- **Aim of the exercise**
What this exercise needs is every entry restated as written, with no pictures.

Data extracted from a collection:
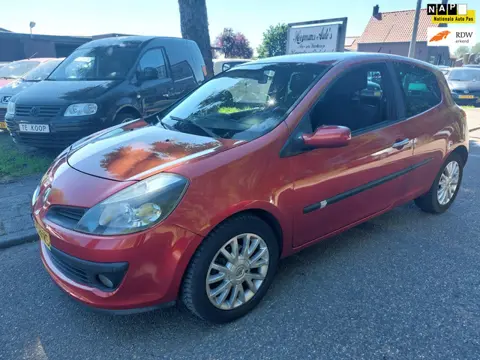 Renault Clio 1.4-16V Dynamique Luxe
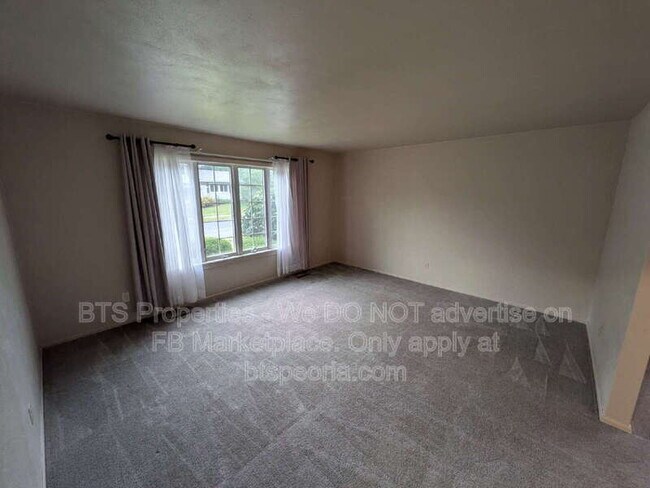 Building Photo - 3224 W Westport Rd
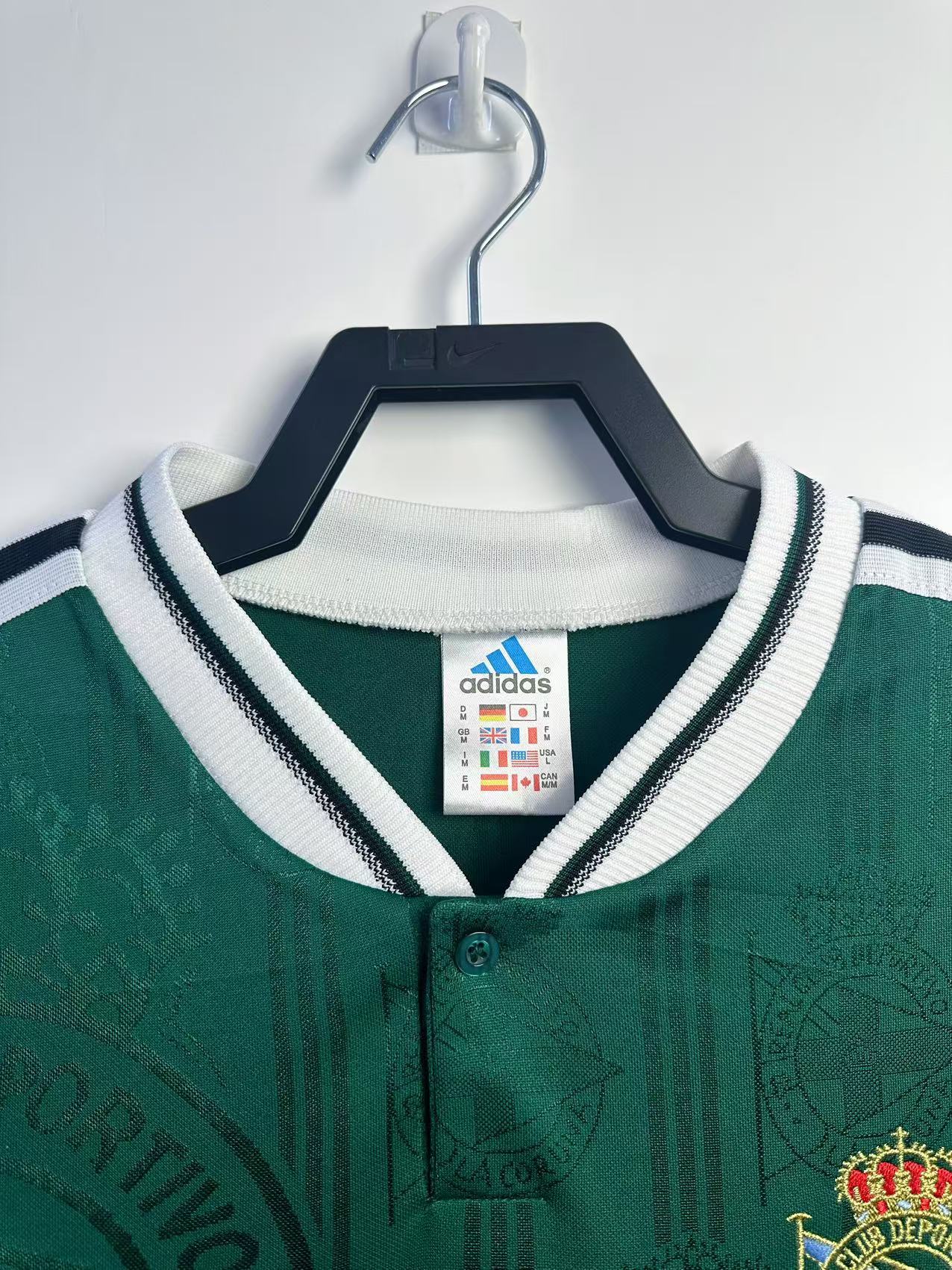 99/00 away retro football shirt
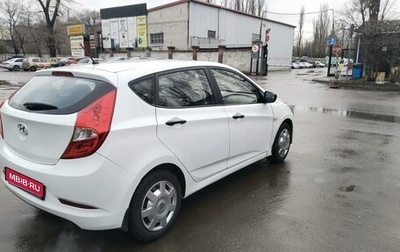 Hyundai Solaris II рестайлинг, 2015 год, 790 000 рублей, 1 фотография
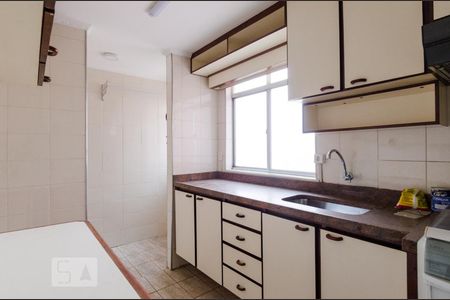 Apartamento à venda com 65m², 2 quartos e 1 vagaCozinha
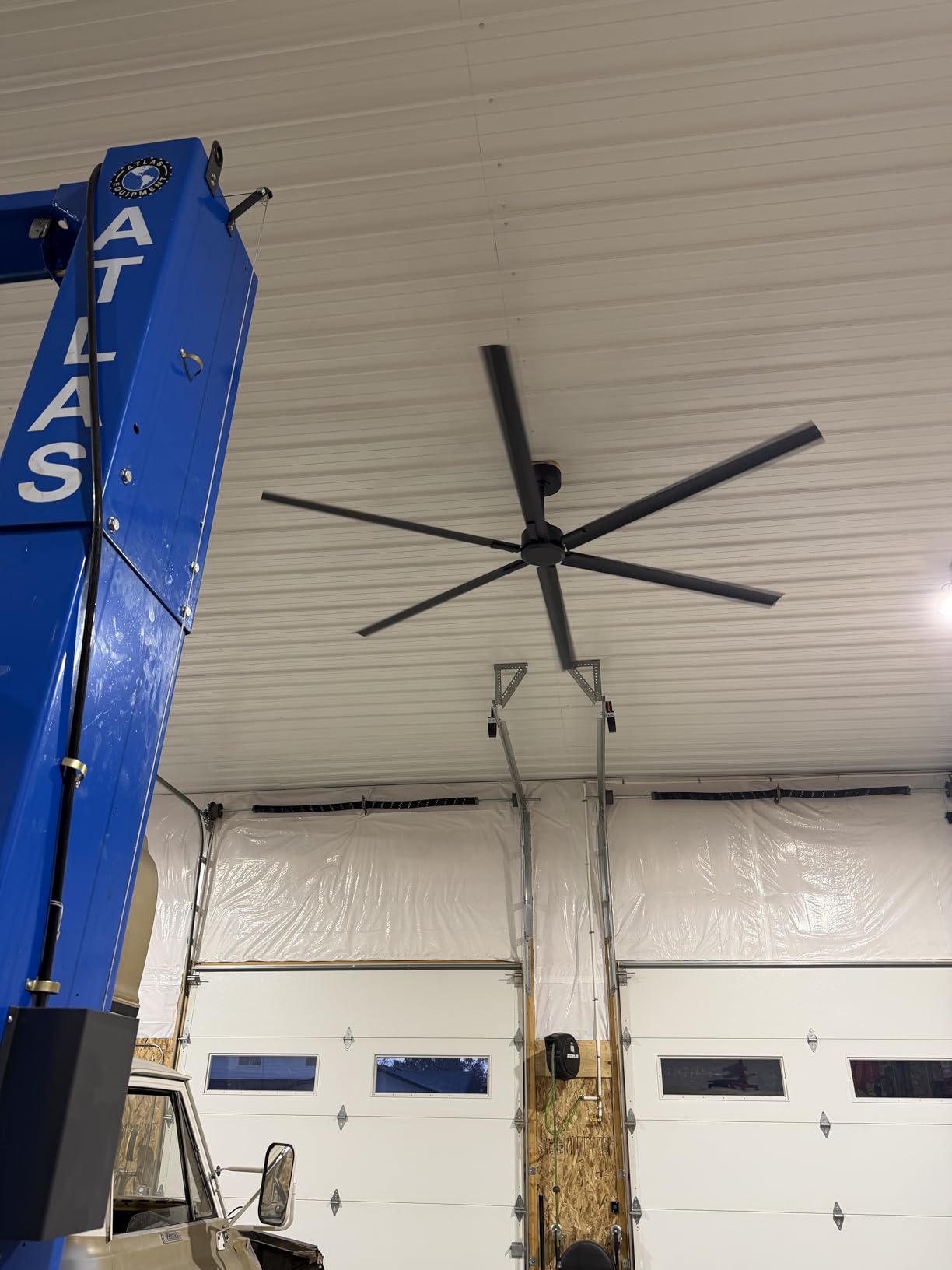 120 Inch HVLS Industrial Ceiling Fan without Light | Extra Large, Big Assed Fan, Up to 20000CFM customer photo 2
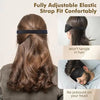 Eine Frau verwendet ein schwarzes elastisches Stirnband für die Haare, das als bequem und knotenfreies Styling dient.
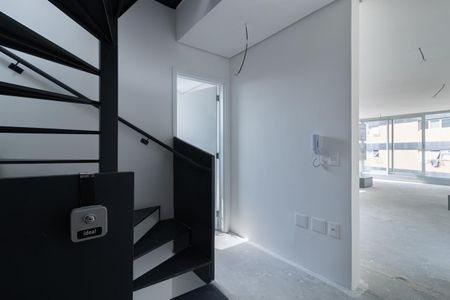 Apartamento à venda com 179m², 2 quartos e 1 vagaEscada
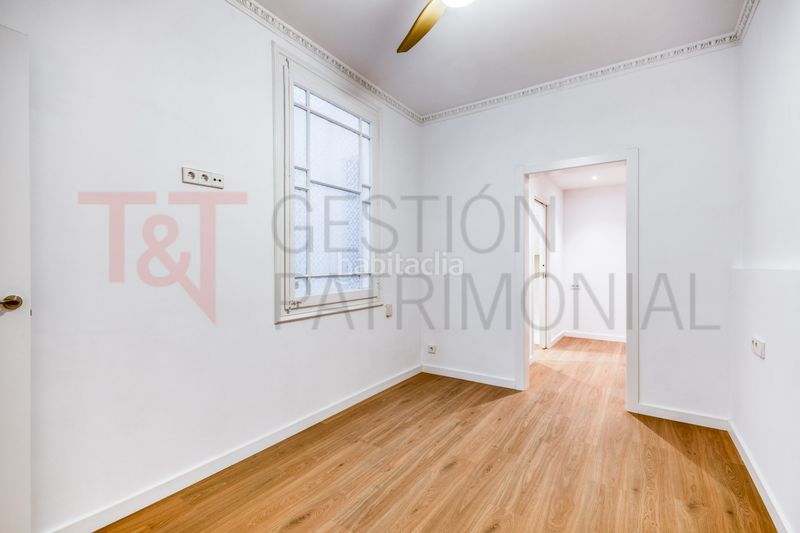 Piso en rambla de catalunya 5 amplio, 3 hab, luminoso, reformado en Barcelona - Imagen 16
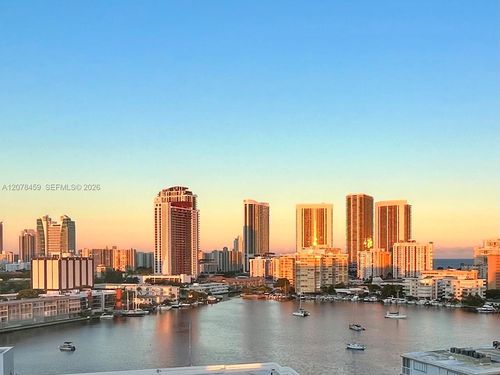 16e-427 Golden Isles Dr, Hallandale Beach, FL, 33009-7546 | Card Image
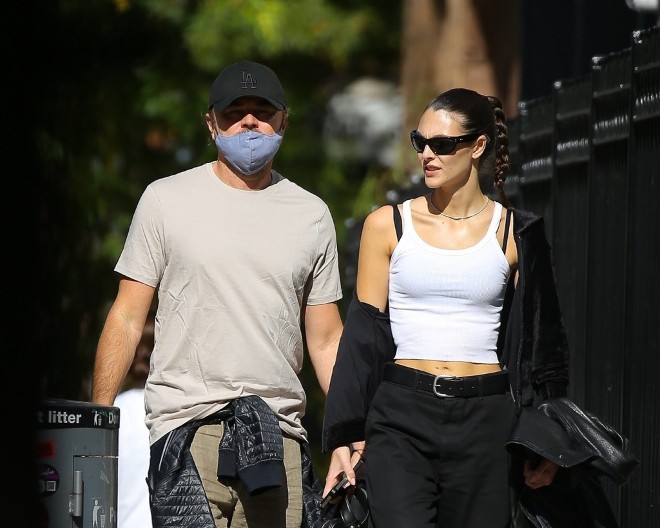 Leonardo Dikaprio se ženi? Holivudski miljenik odgovorio na glasine o veridbi 24 godine mlađe manekenke, sada je sve jasno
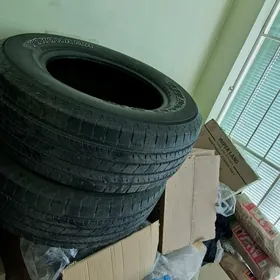 yokohama  265/65 R17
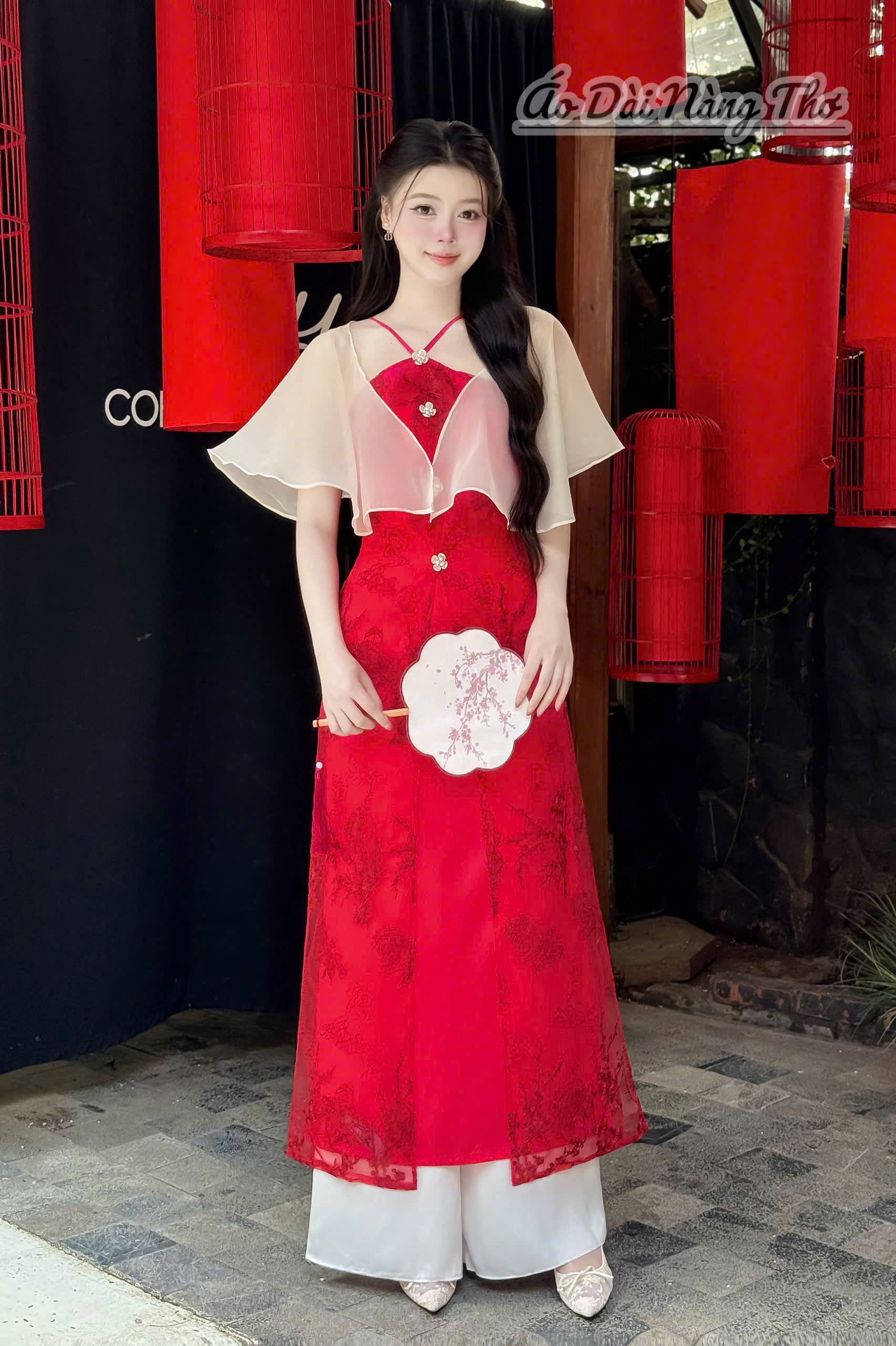 Áo Dài Cách Tân Voan Đỏ Cổ Yếm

- **Completed exercise**
 Renault Clio 1.4-16V Dynamique Luxe
 Building Photo - 3224 W Westport Rd
 99/00 away retro football shirt
 Hyundai Solaris II рестайлинг, 2015 год, 790 000 рублей, 1 фотография
 Apartamento à venda com 65m², 2 quartos e 1 vagaCozinha
 120 Inch HVLS Industrial Ceiling Fan without Light | Extra Large, Big Assed Fan, Up to 20000CFM customer photo 2
 Eine Frau verwendet ein schwarzes elastisches Stirnband für die Haare, das als bequem und knotenfreies Styling dient.
 Apartamento à venda com 179m², 2 quartos e 1 vagaEscada
 Piso en rambla de catalunya 5 amplio, 3 hab, luminoso, reformado en Barcelona - Imagen 16
 16e-427 Golden Isles Dr, Hallandale Beach, FL, 33009-7546 | Card Image
 Leonardo Dikaprio se ženi? Holivudski miljenik odgovorio na glasine o veridbi 24 godine mlađe manekenke, sada je sve jasno
 yokohama  265/65 R17
 Áo Dài Cách Tân Voan Đỏ Cổ Yếm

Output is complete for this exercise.